=== Begin Enclosure ===
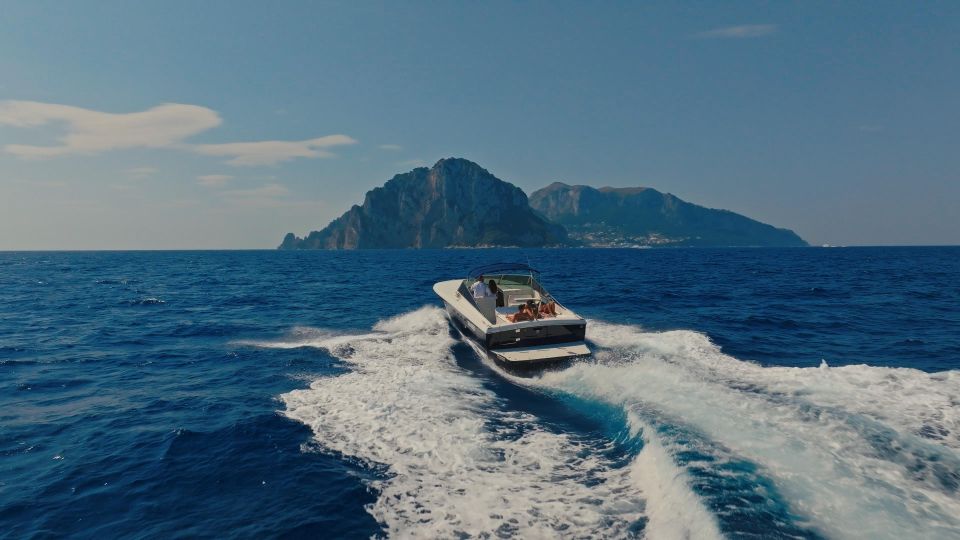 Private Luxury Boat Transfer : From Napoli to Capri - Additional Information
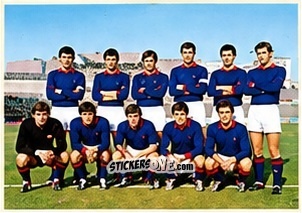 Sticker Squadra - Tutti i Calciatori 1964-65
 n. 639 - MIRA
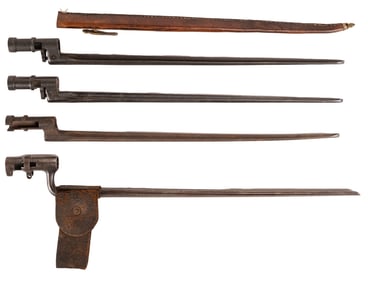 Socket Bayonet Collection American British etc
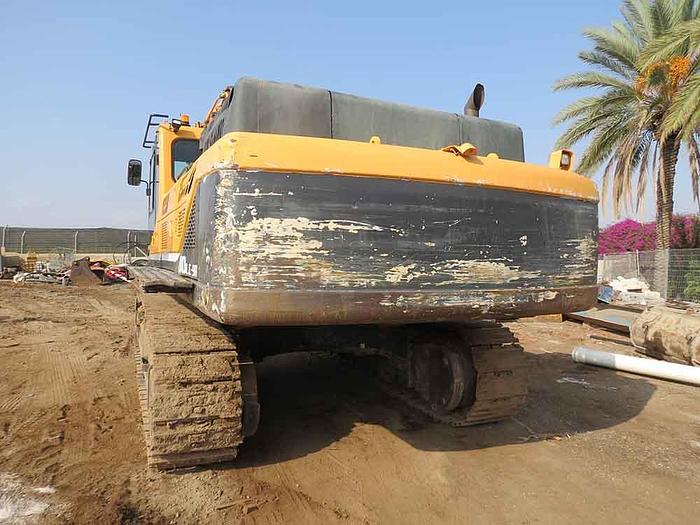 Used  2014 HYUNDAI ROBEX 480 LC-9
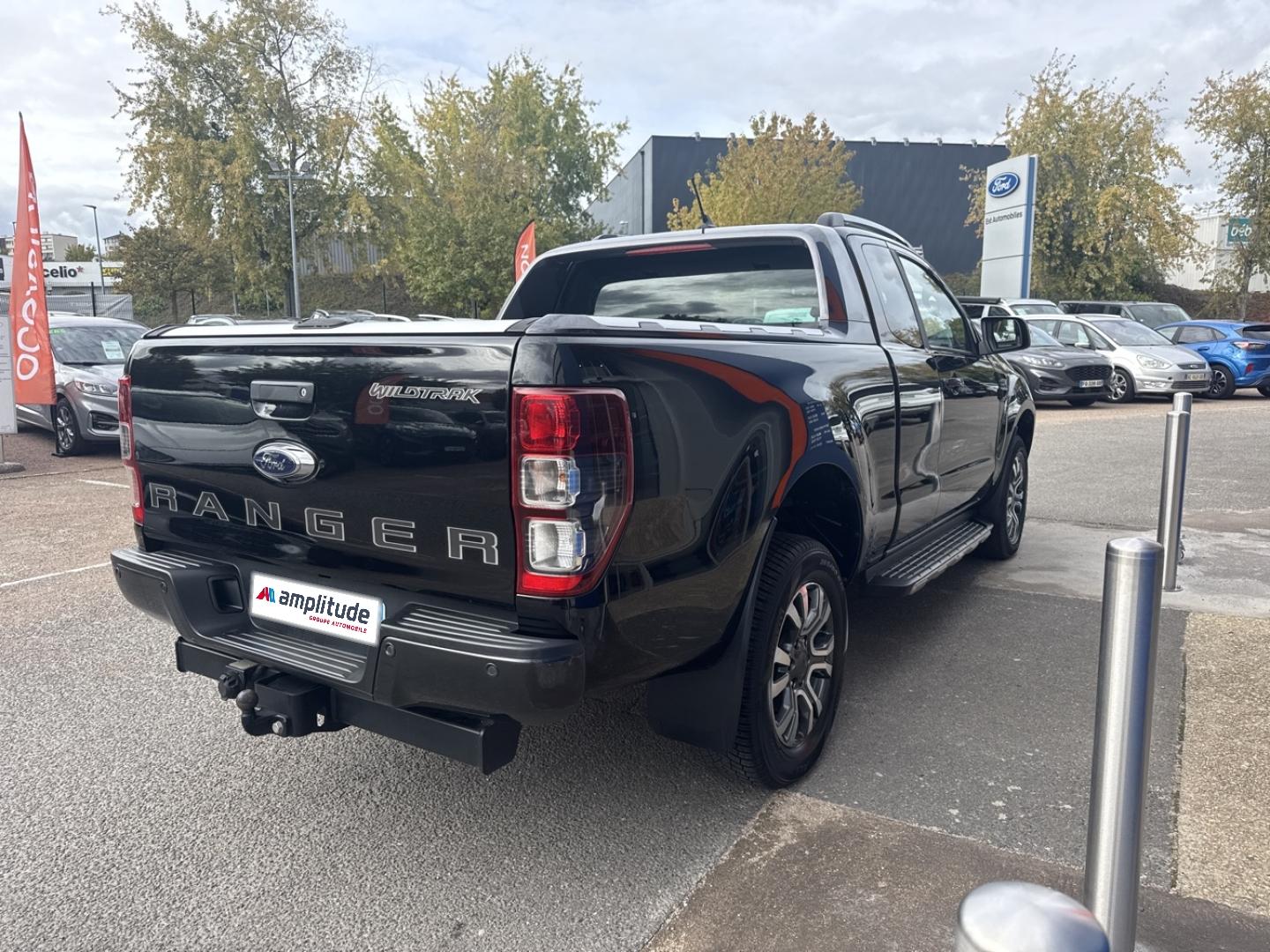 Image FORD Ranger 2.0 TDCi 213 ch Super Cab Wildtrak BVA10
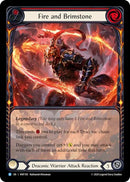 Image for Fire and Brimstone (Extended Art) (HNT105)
=== End Enclosure ===
**What is being asked**
Print the lines from the one holding "Sticker Squadra - Tutti" through the last line of the records, word for word, and omit the pictures.

**Exercise answer**
 Sticker Squadra - Tutti i Calciatori 1964-65
 n. 639 - MIRA
 Socket Bayonet Collection American British etc
 Used  2014 HYUNDAI ROBEX 480 LC-9
 Image FORD Ranger 2.0 TDCi 213 ch Super Cab Wildtrak BVA10
 Image for Fire and Brimstone (Extended Art) (HNT105)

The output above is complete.